Donc, une réception superficielle de l’œuvre (celle qui ne garde que l’éloge de l’ouverture à l’autre, du visage, etc.), peut-être à la mesure du superficiel de la pensée. Mais là, j’exagère sûrement.

Car enfin, que nous dit Emmanuel Levinas, platonicien (l’Idee de l’Autre) qui ne le dit pas frontalement ?

Je résume et j’assure que je ne falsifie pas : son bouquin de base (hors les commentaires talmudiques, souvent ennuyeux,sauf quelques pépites), c’est Éthique et infini d’où est donc extrait ma citation sur les « non-yeux ».

La rencontre avec autrui est donc le fondement du monde. Cette relation, nous dit-il est « éthique », au-delà de la réalité (je ne reviens pas ici sur Rosset, trop facile).

Le visage, explique Levinas, interdit de tuer. Levinas remet ainsi en cause le visage réduit à une matière, une tête.

On est, encore une fois, dans le platonisme (l’Idée de la chose qui n’est pas la chose, son apparence, Idée qui dans sa substitution au réel l’anéantit, pour le refaçonner dans une pureté presque originelle). Soit. Jusque-là, rien de dramatique, la métaphysique doit fonctionner et l’abstraction n’est pas criminelle. Même la sempiternelle affirmation de l’illusion ou l’artifice du monde. On peut lire. Même si on peut être déconcerté lorsque dans un lit avec la femme qu’on aime, on lui dit que ses yeux n’existent pas, ou, plus ridicule, qu’elle est l’Autre dans laquelle je me fonds éthiquement, sans regard.

Je sais qu’il ne faut pas ironiser devant le visage et l’Ethique. Mais lisez, je vous en supplie, lisez, comme je l’ai fait des centaines d’heures entières, Levinas et ses commentateurs. Vous ne ferez que nager dans les mots, sans le réel, y compris théorique.

Il faut donc se tourner vers autrui « comme vers un objet, en l’objectivant, en niant même l’identité, la singularité (ce qui paradoxalement peut convenir à pu Clément Rosset, pourtant pourfendeur de ce petit idealisme d’une métaphysique qui ne se cogne pas au reel. Et pourtant, nous dit Levinas, regarder un visage, cela ne revient pas à regarder un objet. Pourquoi ? D’abord, très simplement, autrui n’est pas un objet, mais il est un sujetAutrui est un moi – et en cela il est identique à ce que je suis, puisque je suis un moi – mais il est un moi qui n’est pas moi. L’autre n’est donc pas objet, mais sujetet, parce qu’il n’est pas moi, il est un sujet absolument étranger au sujet que moi je suis. 

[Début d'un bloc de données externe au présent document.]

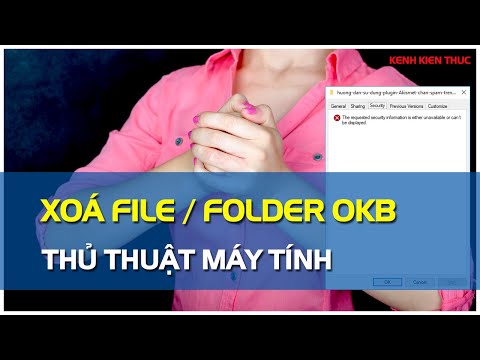 Video: Cách Ngăn Người Dùng Xóa Tệp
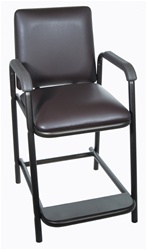 Drive Hip-High Chair, Steel Brown Vein Frame Construction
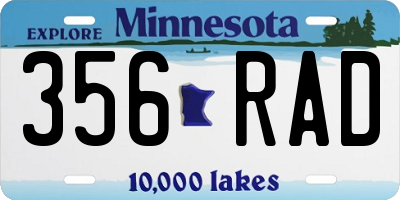 MN license plate 356RAD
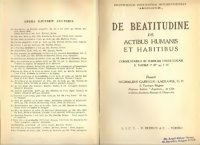 cover of the book De beatitudine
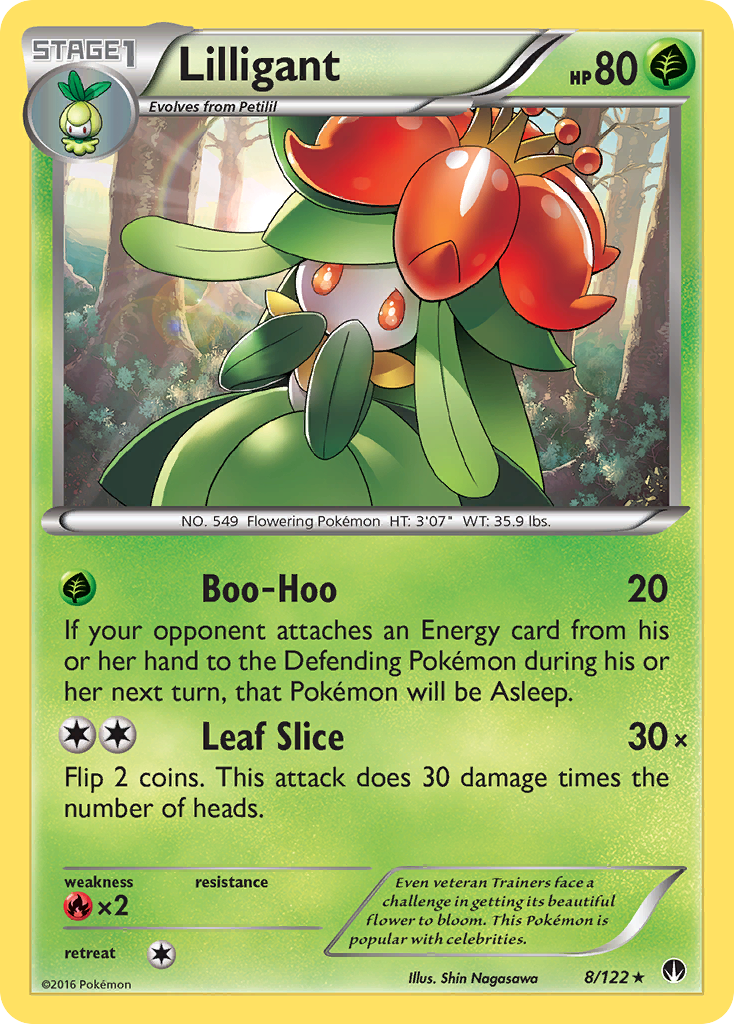 Lilligant (8/122) [XY: BREAKpoint] | Game Master's Emporium (The New GME)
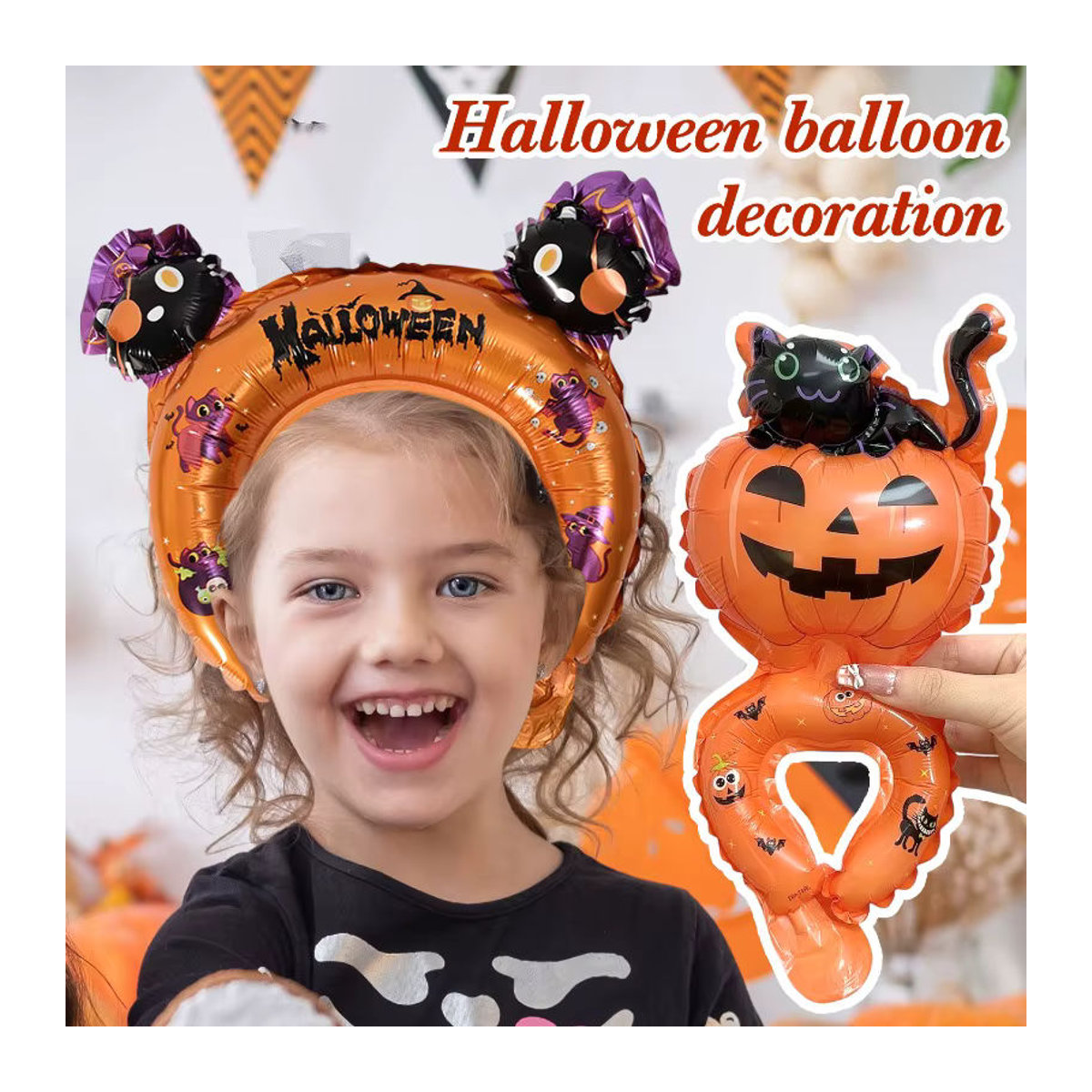 Halloween Ballon Stirnbänder aus Aluminiumfolie als aufblasbare Party-Requisiten für Kinder in Mehrfarbig - Bild 2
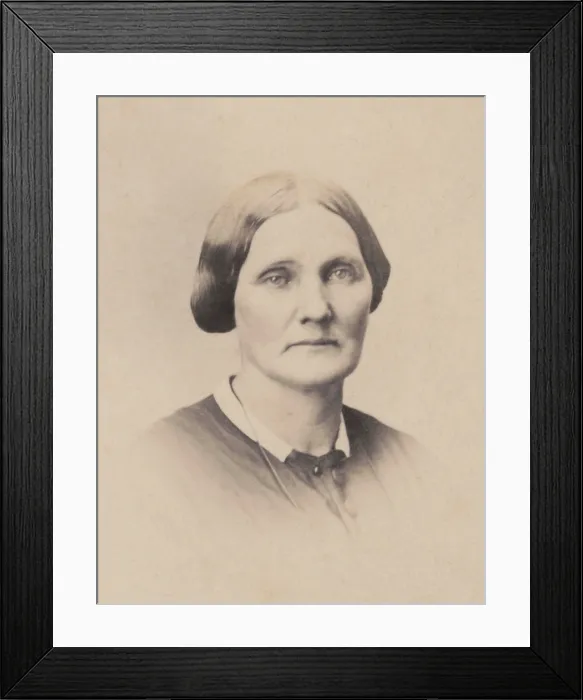 Framed Print : Mary Ann Ball Bickerdyke was a Quaker, US Civil War nurse, hospital administrator, agent for the U. S. Sanitary Commission (USSC)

Et c’est parti, immédiatement sur « l’énigme de l’autre” , dont l’altérité m’échappe. En raison de son altérité même, car il est mystère, dirait le professeur de Lycée.

Mais non, mais non, lis Michel, ces phrases de Levinas : « Le visage d’autrui est sens à lui seul. » « Toi, c’est toi. C’est simple, non Michel ?

Oui, trop simple. La réalité qui sonne comme un tambour dans vos tempes qui veulent absorber une réalité théorique est plus complexe.

Je m’en vais boire un verre avec autrui, au café du coin.

PS. Je ne sais ce qui m’a pris d’écrire ce billet. Il y a longtemps que je voulais dire que Lévinas n’était pas ma tasse de thé. Mais le terrorisme ambiant, dans les cercles d’études, les associations de toutes sortes, dans les bouquins théoriques m’en empêchaient. Trop difficile de critiquer celui qui est encensé (pas un seul article critique en ligne). A être seul dans la critique, c’est risquer d’être vilipendé par autrui. Et je voulais éviter. Pour la paix. La mienne, pas celle des autres qui hurlent. Pour garder mon visage lisse, prêt, immédiatement prêt à être absorbé par l’Autre…

Mais, évidemment, il me faudra revenir plus sérieusement sur ce « dialogisme » et écrire plus sérieusement sur l’esbroufe Levinas. Ils ne vont pas être contents, les Autres. Tant pis.